In many, if not most knowledge/office worker processes, the people are analogous to the machines in a manufacturing or physical process.
I've seen a lot of talk recently about the importance of attitude over other factors in employees and of course, this is nothing new. When it comes to performance of people in the different processes that occur in business, a better more accurate and powerful way to look at it is suitability. Suitability, typically encompasses the traits that underlie most of what determines a person's level of performance in a job or task. These include a person's key personality traits and natural tendencies, work and task preferences, motivations, decision styles and attitudes.
In knowledge/office worker processes such as accounting, sales, administrative processes etc., not only are the people often like the machines in manufacturing processes, but they have considerable choice as to when and how they do many of the tasks and often whether they do them at all. This is just one key reason why the underlying suitability traits of the person responsible for steps in a knowledge/office worker process are essential determinants of that process' performance.

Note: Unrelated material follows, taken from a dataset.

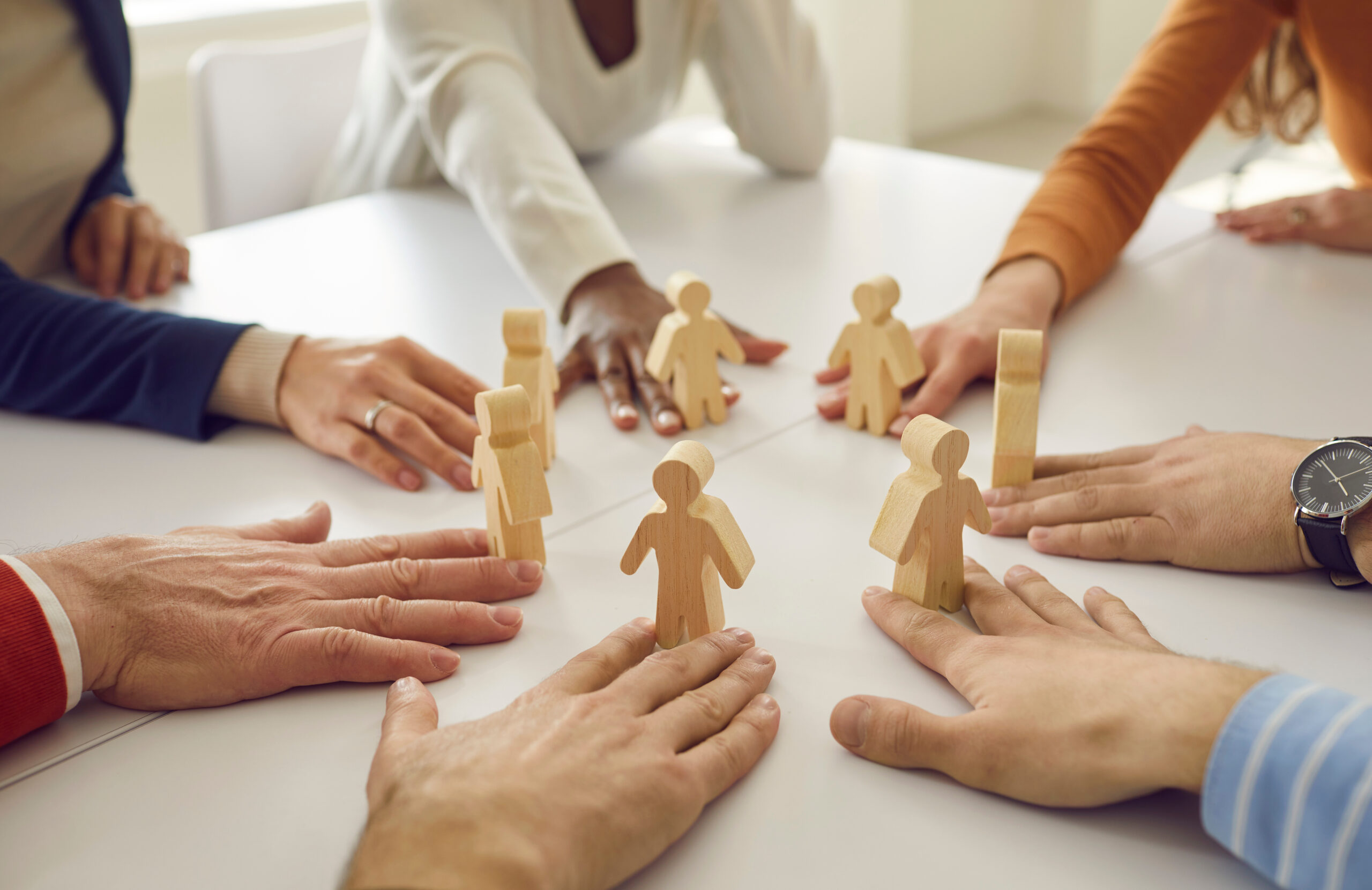Team of business people put little human figures in circle as symbol of community and teamwork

Consider Enjoyment Performance Theory which is generally accepted as one explanation of human behavior. It holds that if we enjoy something, over the course of our life we embrace it, improve on it and perform increasingly well on it. On the other hand, if we do not like it, we avoid it when we can, don't focus on it positively and tend to perform poorly in that area. Consider the implications of this when someone has a crucial role in a process and they don't "enjoy" the activity and when they have many other activities i.e. processes that they can enjoy as part of their "job".
Another dimension of this issue involves our natural tendencies. Let's say you have an analyst who is passed a task, as part of a knowledge/office worker process, where a high level of precision is required . If not done precisely , expensive errors result affecting key customer relationships. What happens when this person has tendencies to be careless with details? That machine (person) performs the task rather poorly. Do you think?
In all types of processes especially knowledge/office worker processes, we believe managers fail to think through sufficiently and apply the tools to understand the people in the process. Predictably, poor results are often seen but, unfortunately, the managers usually rationalize something else as the cause.
Our experience indicates that organizations of all types can achieve major productivity improvements, even a doubling of productivity, by using the powerful tools now available for understanding and predicting the performance of your people. Then, the key is to apply this understanding in the design of process including the actual roles and people in it, ensuring that you put in controls to prevent the people or roles from being changed in the future as if this does not matter!